Eyüp Can'la ilgili önce Stratfor belgesini beraber okuyalım. Reva
Bhalla ile görüşen kişinin ismi geçmiyor. Ama ben kesin bir
istihbaratla söylüyorum ki, o kişi Eyüp Can'dır. Aksini kimse
söyleyemez.
Bhalla'nın notları şöyle: 'Washington'da buluşuyorlar. 10 yıl
boyunca muhafazakar bir Gülenci olan yazar ancak birkaç yıl önce
değişim yaşamış. Gülen'den kurtulmak istiyor ama kurtulamıyor.
Buluşmanın ilk anlarında bir hayli paranoyak davranıyor. Gülen
modelinin açık bir şekilde çok başarılı olduğunun altını çiziyor.
Fethullah Gülen'in şeker hastası olması nedeniyle hareket içinde
eskisi kadar aktif olmadığını, cemaatin çoğu ABD'de yaşayan 12
kişilik bir akil adamlar grubu oluşturduğunu da anlatıyor. Gülen
okullarının veri tabanını hazırlamaya çalıştığını, ancak
çabalarının boşa gittiğini belirtiyor. Cemaat bünyesinde hiyerarşi
çok katı. Hücre örgütlenmesi şeklinde çalışıyorlar. 'Ben beş
kişiden sorumluyum. Bir başkası da, benim seviyemde beş kişiden
sorumlu' diyor Eyüp Can. Üst düzey Gülenciler de hepsinin 'vesayeti
altındakilerin' maddi durumu ve sağlığıyla ilgili bilgi alıyor.

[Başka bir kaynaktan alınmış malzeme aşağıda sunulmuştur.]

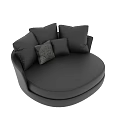 Black Leather Single Sofa With Modern Design And Patterned Decorative Pillows 3d model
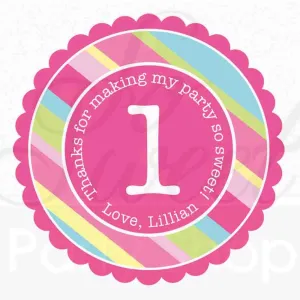1st Birthday Favor Sticker Labels, Thank You Stickers, Birthday Favors, Girls 1st Birthday, Pink, Blue, Green Stripe - Set of 24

Onlara kafa tutabilecek buna benzer bir teşkilat yok. Polisin
içinde çok güçlüler. Yargı sisteminde de daha fazla Gülenci yargıç
olması için çalışıyorlar.'?
Aslında bu belge bile Eyüp Can'ın işlevini kanıtlıyor. Belki
gönüllü değil ama zorunlu bir emir subaylığı Eyüp Can'ınki. Zaten o
yüzden Radikal'in başında. Hiyerarşi çok katı ve ağabeyler isterse
bir günde Can'ı bitirir. Sözde solcu gözüken Radikal öyle kritik
zamanlarda öyle manşetler atıyor ki, cuntadan alkış alıyor Eyüp
Can. Öte yandan Can, Başbakan'a eskiden yakın olmuş birini de
dönüştürmeyi başardı. Bunu artık hangi yöntemlerle yaptı bilmem ama
başardı. Bu zor dönemde hakikatleri yazamayan biri haline getirdi o
kişiyi. Sözde Erdoğan'ı savunan o yazar epey iyi bilir bu cunta
gerçeğini ama herhalde korkudan susuyor."